ClimbAware - Investigating Perception and Acceptance of Wearables in Rock Climbing

Felix Kosmalla; Frederik Wiehr; Florian Daiber; Antonio Krüger

In: Proceedings of the SIGCHI Conference on Human Factors in Computing Systems. ACM International Conference on Human Factors in Computing Systems (CHI-16). ACM International Conference on Human Factors in Computing Systems (CHI-16), May 7-12, San Jose, CA, USA, ACM, 2016.


Wearable sports devices like GPS watches and heart rate monitors are ubiquitous in sports like running or road cycling and enable the users to receive real-time performance feedback.
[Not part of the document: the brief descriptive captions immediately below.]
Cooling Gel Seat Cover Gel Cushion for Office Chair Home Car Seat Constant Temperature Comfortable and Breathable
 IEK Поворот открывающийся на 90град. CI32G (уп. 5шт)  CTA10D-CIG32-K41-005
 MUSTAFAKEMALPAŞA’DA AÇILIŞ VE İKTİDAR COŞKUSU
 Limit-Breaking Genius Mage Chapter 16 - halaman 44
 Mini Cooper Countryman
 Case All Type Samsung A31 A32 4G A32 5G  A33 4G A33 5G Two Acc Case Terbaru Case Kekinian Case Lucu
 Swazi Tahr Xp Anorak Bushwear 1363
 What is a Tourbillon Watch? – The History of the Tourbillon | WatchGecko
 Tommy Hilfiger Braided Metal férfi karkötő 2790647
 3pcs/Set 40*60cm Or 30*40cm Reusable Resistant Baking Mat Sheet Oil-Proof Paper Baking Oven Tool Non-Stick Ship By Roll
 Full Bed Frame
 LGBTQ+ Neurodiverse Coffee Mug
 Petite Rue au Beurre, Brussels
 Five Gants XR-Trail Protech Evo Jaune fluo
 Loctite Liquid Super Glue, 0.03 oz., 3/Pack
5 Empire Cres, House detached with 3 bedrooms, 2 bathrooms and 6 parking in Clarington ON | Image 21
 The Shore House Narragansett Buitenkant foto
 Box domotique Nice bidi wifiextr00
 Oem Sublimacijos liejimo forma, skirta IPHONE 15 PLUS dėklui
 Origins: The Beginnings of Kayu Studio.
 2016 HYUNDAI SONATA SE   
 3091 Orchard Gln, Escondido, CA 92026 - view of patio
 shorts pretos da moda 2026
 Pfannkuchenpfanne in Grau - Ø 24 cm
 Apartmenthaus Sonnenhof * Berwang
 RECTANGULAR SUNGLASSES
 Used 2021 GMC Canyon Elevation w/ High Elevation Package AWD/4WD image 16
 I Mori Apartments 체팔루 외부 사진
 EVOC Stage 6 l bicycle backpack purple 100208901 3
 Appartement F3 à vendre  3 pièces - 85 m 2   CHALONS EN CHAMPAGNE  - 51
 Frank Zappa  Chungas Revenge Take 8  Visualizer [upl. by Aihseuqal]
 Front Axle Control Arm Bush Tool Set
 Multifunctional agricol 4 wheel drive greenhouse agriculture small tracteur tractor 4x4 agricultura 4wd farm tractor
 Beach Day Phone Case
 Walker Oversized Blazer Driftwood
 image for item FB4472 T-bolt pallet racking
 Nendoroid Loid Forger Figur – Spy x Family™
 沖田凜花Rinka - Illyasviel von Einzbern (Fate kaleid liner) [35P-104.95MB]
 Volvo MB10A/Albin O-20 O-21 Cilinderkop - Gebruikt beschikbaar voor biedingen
Although rock climbing is a trending sport, there are little to no consumer electronics available to support rock climbing training during exercise. In this paper, we investigated the acceptance and appropriateness of wearables in climbing on different body parts. Based on an online survey with 54 climbers, we designed a wearable device and conducted a perception study with 12 participants in a climbing gym. Using vibro-tactile, audible, and visual cues while climbing an easy route and a hard route, requiring high physical and cognitive load, we found that the most suited notification channel is sound, directly followed by vibro-tactile output. Light has been found to be inappropriate for the use in the sport of climbing.